Single-payer basically means Medicare for everyone, without the copays and deductibles of the current Medicare system. It is not socialized medicine, as in England or Spain, where doctors and hospitals work for the government. It does not violate the takings clause of the Fifth Amendment, which bars the government from taking private property for public use without appropriate compensation, since it does not nationalize any private firms. The single-payer plan is a system of socialized health insurance similar to that of Canada, Australia and most European nations. Essentially it is an extension and improvement of the Medicare system, in which government pays for care that is managed and delivered in the private sector.

We don’t need private health insurance companies. We certainly don’t need a system that wastes $450 billion per year in redundant administrative costs and leaves 45 million Americans without health coverage. We could do without a system that excludes people with preexisting medical conditions and limited economic resources. We don’t need a system that cherry picks profitable clients and dumps the unprofitably ill in HMOs featuring lousy care and little choice. Businesses and other employers would do much better not having to provide health coverage for their employees, who often end up underinsured. We could do better than a system that ties people fearfully to jobs they want to leave but can’t afford to lose because they might lose their health coverage.

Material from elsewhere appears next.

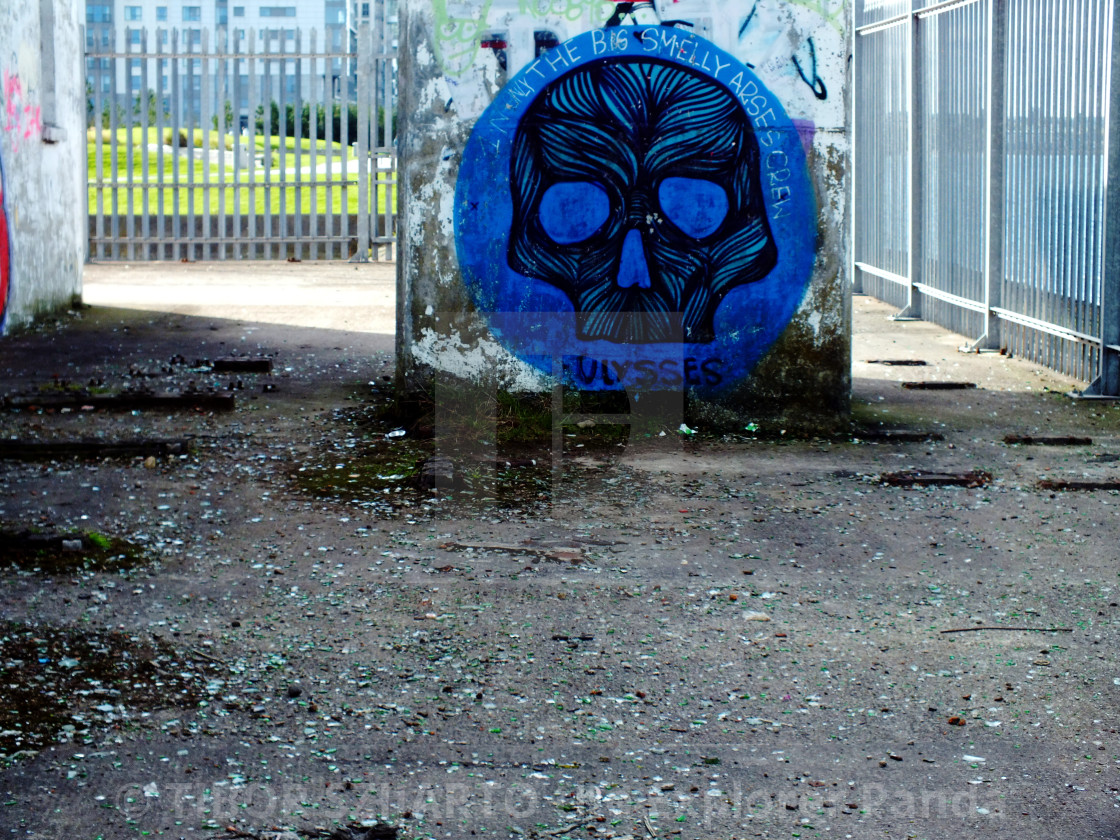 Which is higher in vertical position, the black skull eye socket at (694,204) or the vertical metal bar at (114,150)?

Health care is a fundamental human right that should be available to all people regardless of their economic resources. A society that takes seriously this elementary principle of social justice does not relegate the poor and underemployed to second-class care or status. The only Western democratic society that doesn’t even try to live up to this principle is the United States. When wealthy and middle-class people have to rely on the same health system as the poor, as they do throughout Europe, they use their political power to make sure it’s a decent system.

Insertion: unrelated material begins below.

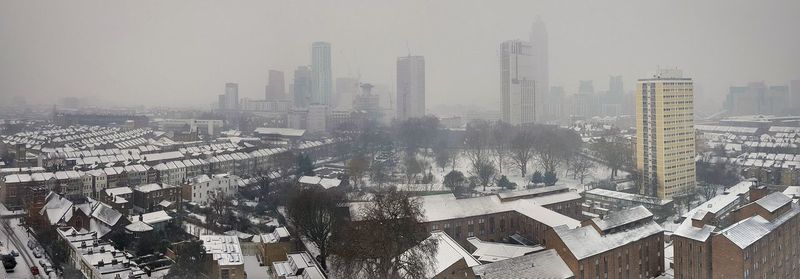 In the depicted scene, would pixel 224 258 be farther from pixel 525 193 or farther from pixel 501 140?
pixel 501 140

But single-payer deliverance is not on the agenda for President Obama and this Congress. The insurance companies are too powerful and politically aggressive to be retired in one legislative stroke. The House bill that calls for replacing for-profit insurance companies has only 79 cosponsors, and the Senate bill has only one–Bernie Sanders.

Obama rightly urges that significant health-care reform has to happen this year if it is to happen on his watch. In May he told a town hall meeting in Rio Rancho, New Mexico, that if one were starting from scratch, a single-payer system might be the best option. However, he observed, “the only problem is that we’re not starting from scratch.” The system that we have comprises 14 percent of the nation’s gross domestic product. Reinventing something that big and politically connected has no chance of happening this year.

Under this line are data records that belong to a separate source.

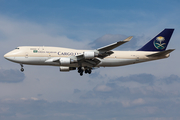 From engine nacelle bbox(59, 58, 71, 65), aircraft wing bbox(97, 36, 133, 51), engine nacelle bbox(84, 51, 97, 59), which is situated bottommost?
engine nacelle bbox(59, 58, 71, 65)

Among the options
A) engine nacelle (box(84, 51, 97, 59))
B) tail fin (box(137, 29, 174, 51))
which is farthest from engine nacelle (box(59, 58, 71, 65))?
tail fin (box(137, 29, 174, 51))

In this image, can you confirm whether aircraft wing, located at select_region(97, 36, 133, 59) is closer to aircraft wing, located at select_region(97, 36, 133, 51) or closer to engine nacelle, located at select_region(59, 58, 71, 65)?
aircraft wing, located at select_region(97, 36, 133, 51)

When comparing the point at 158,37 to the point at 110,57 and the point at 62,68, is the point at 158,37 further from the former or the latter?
the point at 62,68

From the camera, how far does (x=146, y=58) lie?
169 feet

The best we can hope for this year is a public Medicare-like option that competes with private plans. This reform would save only 15 percent of the $350 billion insurance overhead costs that converting to single-payer would achieve. Most versions currently being touted would not get everyone covered, though Obama suggested recently that he might be open to changing his position on requiring all Americans to have health coverage. In any case, even the better proposals along this line, like the one that Senator Ted Kennedy has championed for years, would not get us close to equality in health care. But a strong reform bill would offer an important alternative to private health insurance that might pave the way to real national health insurance.

The insurance companies are gearing up to prevent a public plan because they don’t want to compete with one. The American Medical Association doesn’t want one either–which preserves its bad-smelling record in this area. The AMA was against Medicare, it has opposed every previous proposal for universal coverage, and today it is against providing a public option even for people lacking the economic means or opportunity to buy health insurance.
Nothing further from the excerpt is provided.